= Performing arts of Slovenia =

Performing arts of Slovenia are shaped by a number of Slovenian actors and actresses, dancers, theatre directors, and theatre managers. Several professional and a number of amateur community theatres operate on the repertory system in Slovenia.

==The national theatres==
There are four national theatres in Slovenia that include the Ljubljana National Drama Theatre and Slovene National Theatre Opera and Ballet Company, both located in Ljubljana; the Maribor National Drama Theatre, located in Maribor; and Slovenian Littoral National Theatre, located in Nova Gorica.
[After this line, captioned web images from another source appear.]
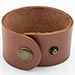 One-and-a-half-inch wide leather cuff bracelets.
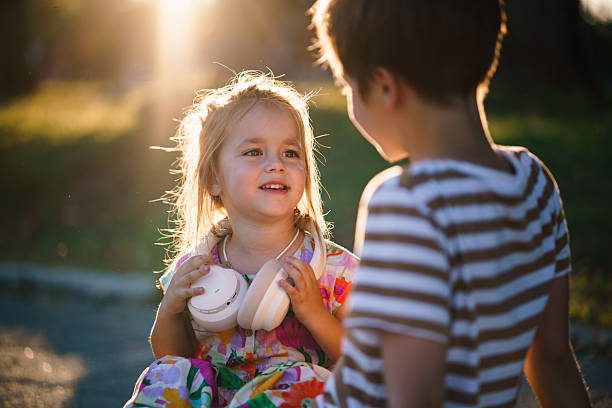 Sibling children are playing in dust sitting on summer dirt road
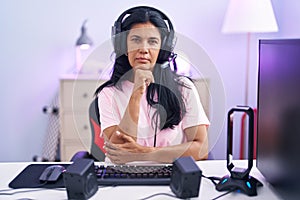 Mature hispanic woman playing video games at home looking confident at the camera with smile with crossed arms and hand raised on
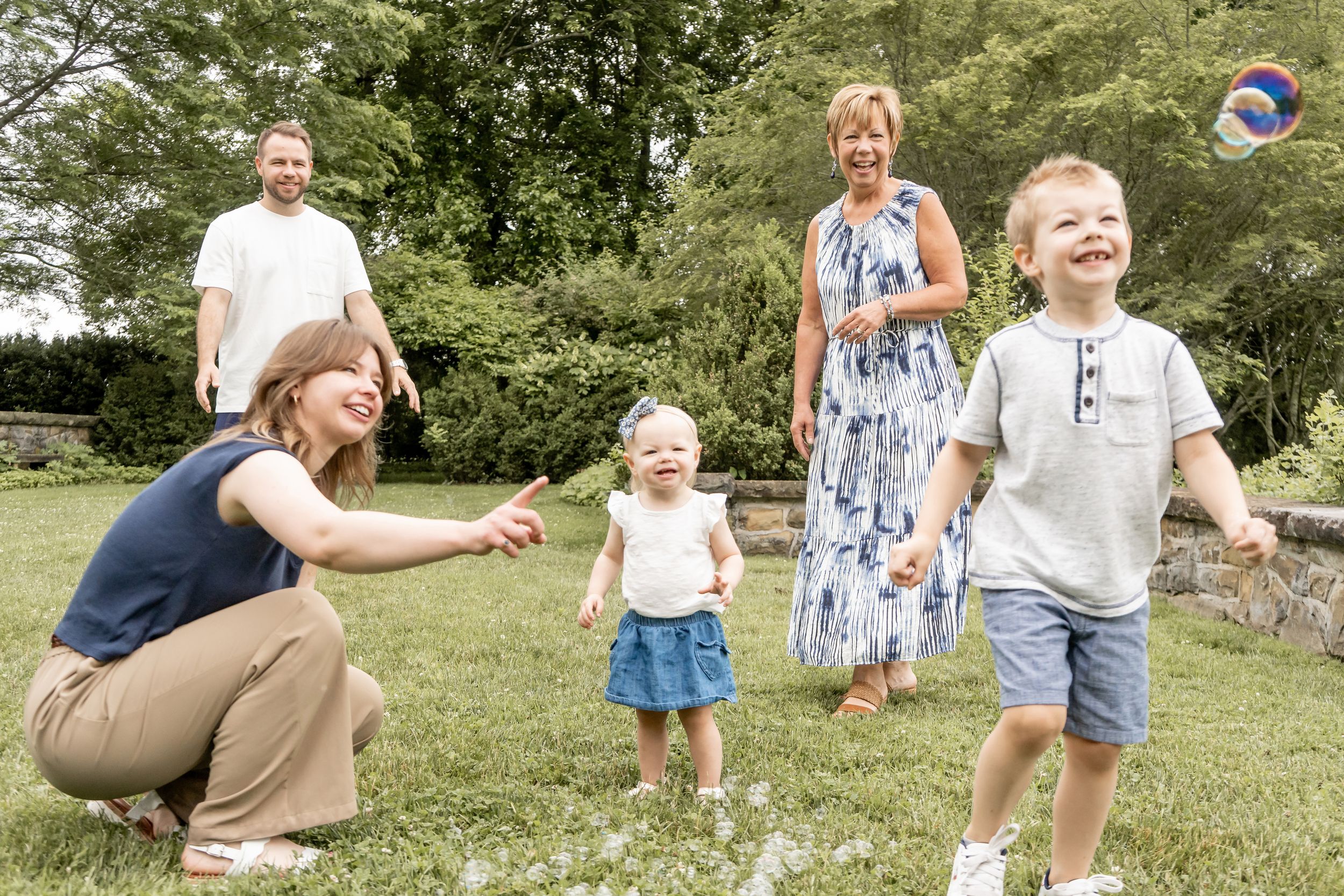 Family playing with a ball outdoors on green grass, children laughing with parents and grandparents.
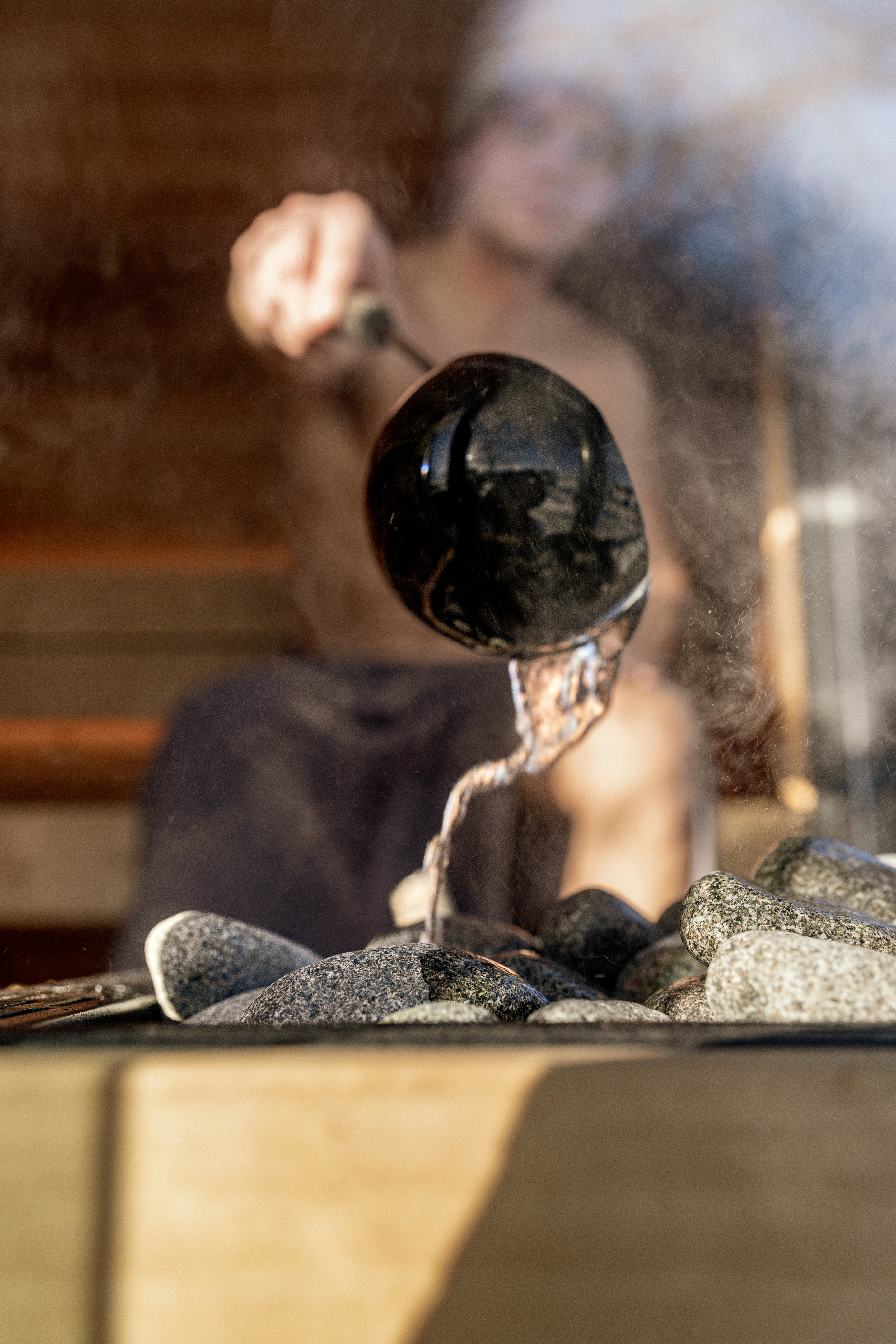 Water poured over hot sauna stones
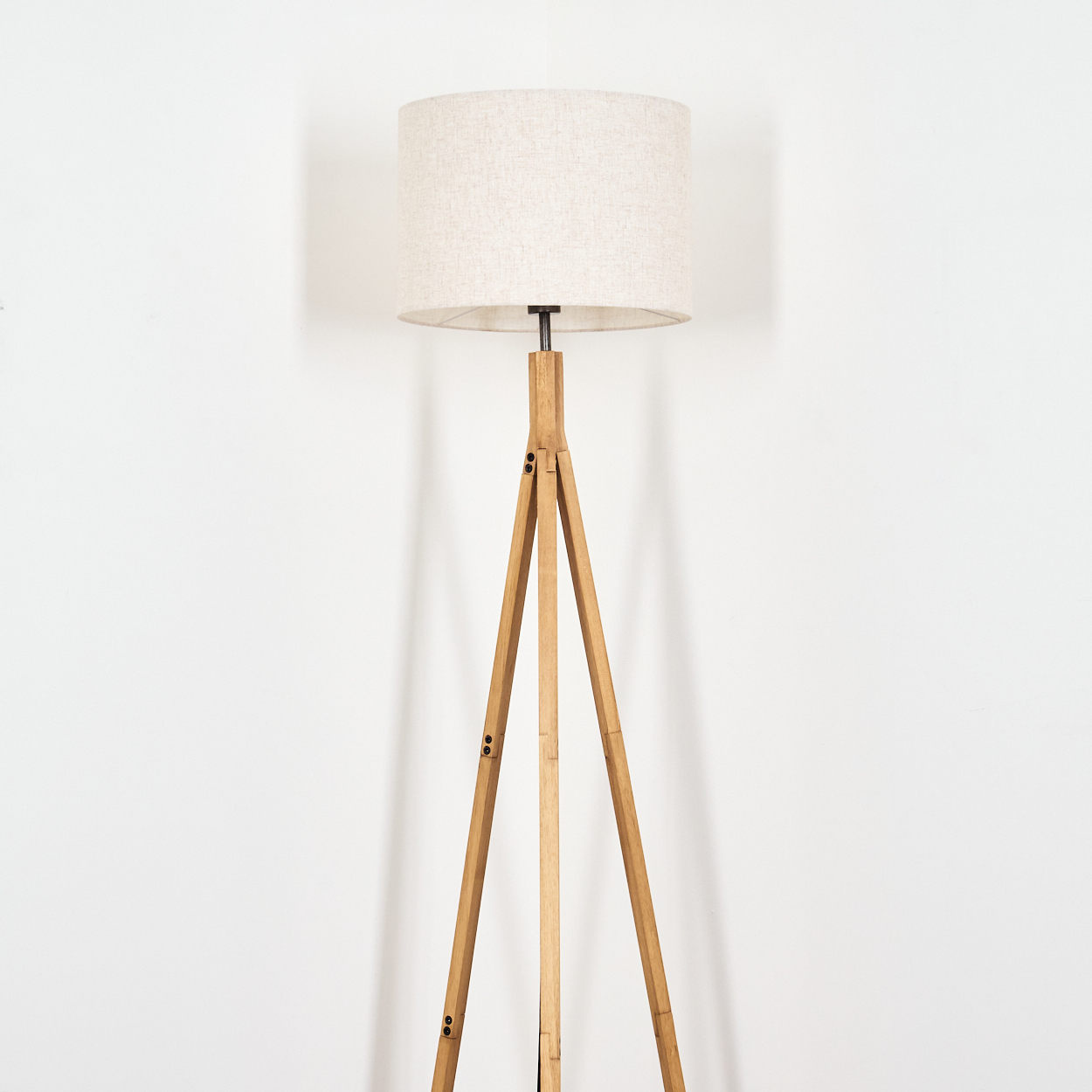 Eine hölzerne Stativ-Stehlampe mit beigem Lampenschirm steht vor einer weißen Wand. Die Lampe hat drei Beine.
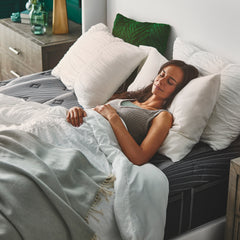 Young woman in pajamas asleep on her back with her head and neck propped up on white pillows with the comforter pulled up below her chest and the charcoal Noir Mattress cover revealed underneath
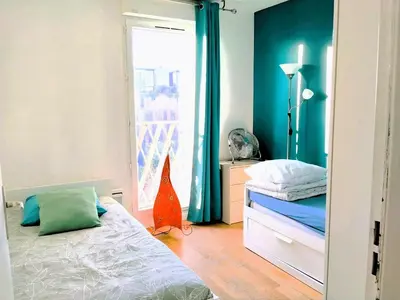 Un ou plusieurs lits dans un hébergement de l'établissement Close to Paris, Metro,RER, 6 People, PKG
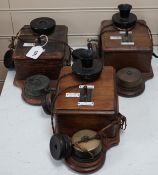 Three Ericsson oak cased railway signal box telephones, largest 30cms long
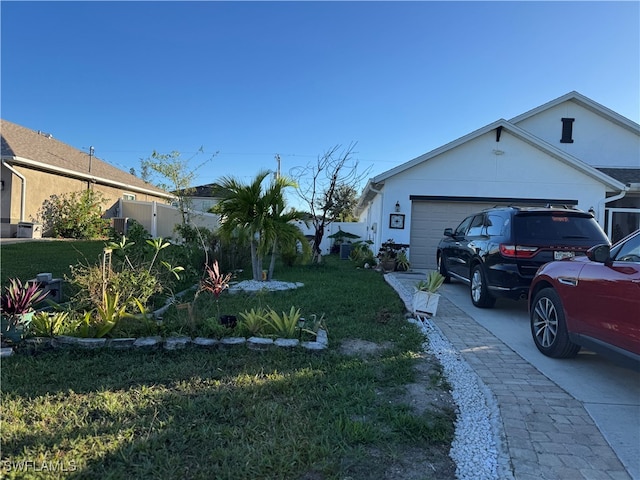 view of side of property featuring a lawn and a garage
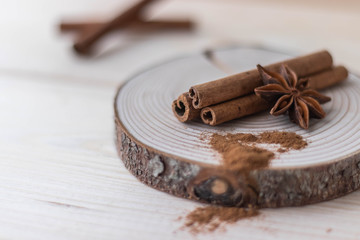 Cinnamon sticks, cinnamon powder, star anise closeup on wood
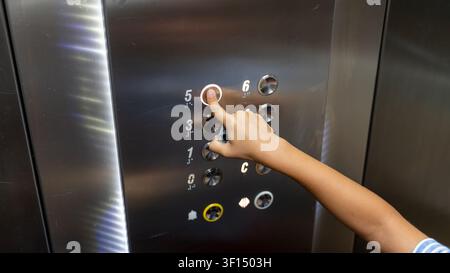 Child Pressing Elevator Button Inside Modern Lift Close Up Stock Photo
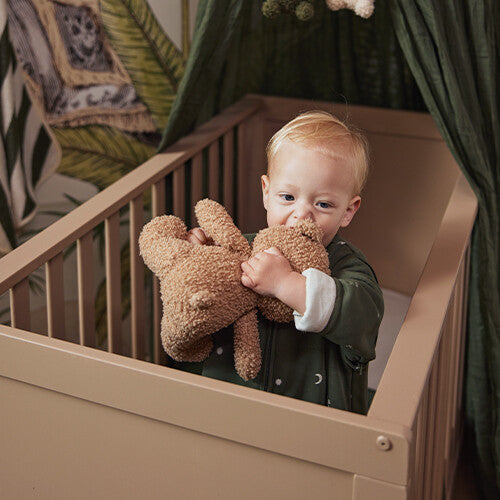 Een baby in een ledikantje speelt met de Jollein pluchen knuffelbeer.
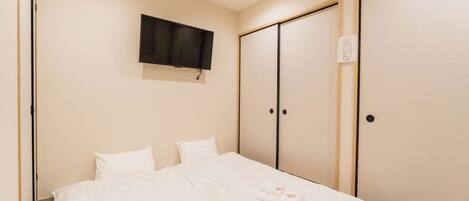 A hotel room with a bed, a television mounted on the wall, and a sliding door closet.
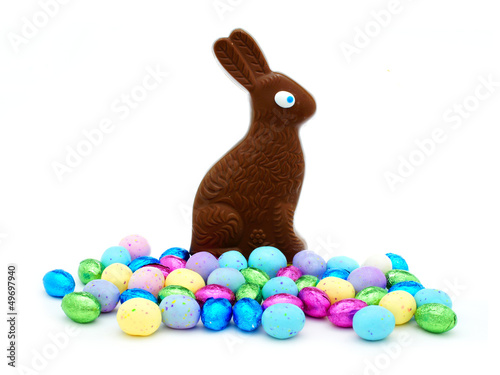 Photo: Chocolate Easter bunny with pile of colorful eggs Chocolate Easter bunny with pile of colorful eggs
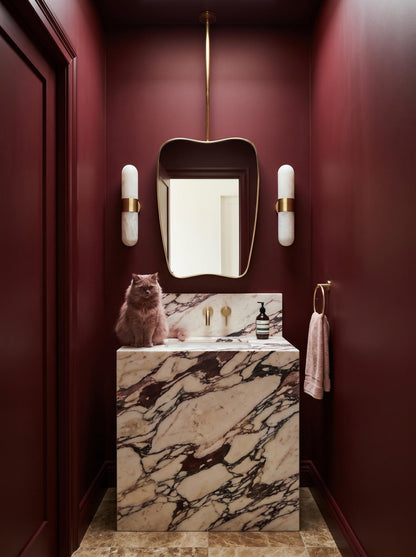 Handmade brass hanging mirror in luxury powder room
==Other professional theatres==
Founded in 1949, Ljubljana City Theatre (Mestno Gledalisce Ljubljansko MGL) is the second largest drama theatre in Slovenia. Founded in 1955 as the first professional theatre for children and youth in Slovenia was the Slovenian Youth Theatre. Established in 1948, the Ljubljana Puppet Theatre, located in Ljubljana, is a puppet repertory theatre.

Established in 2011, the Koper Theatre, located in Koper, is the second youngest professional theatre in Slovenia.

Other professional theatres include Glej Theatre., Preseren Theatre Kranj (Presernovo gledalisce Kranj), Celje City Theatre (Slovensko Ljudsko Gledalisce Celje SLG), Maribor Puppet Theatre (Lutkovno Gledalisce Maribor).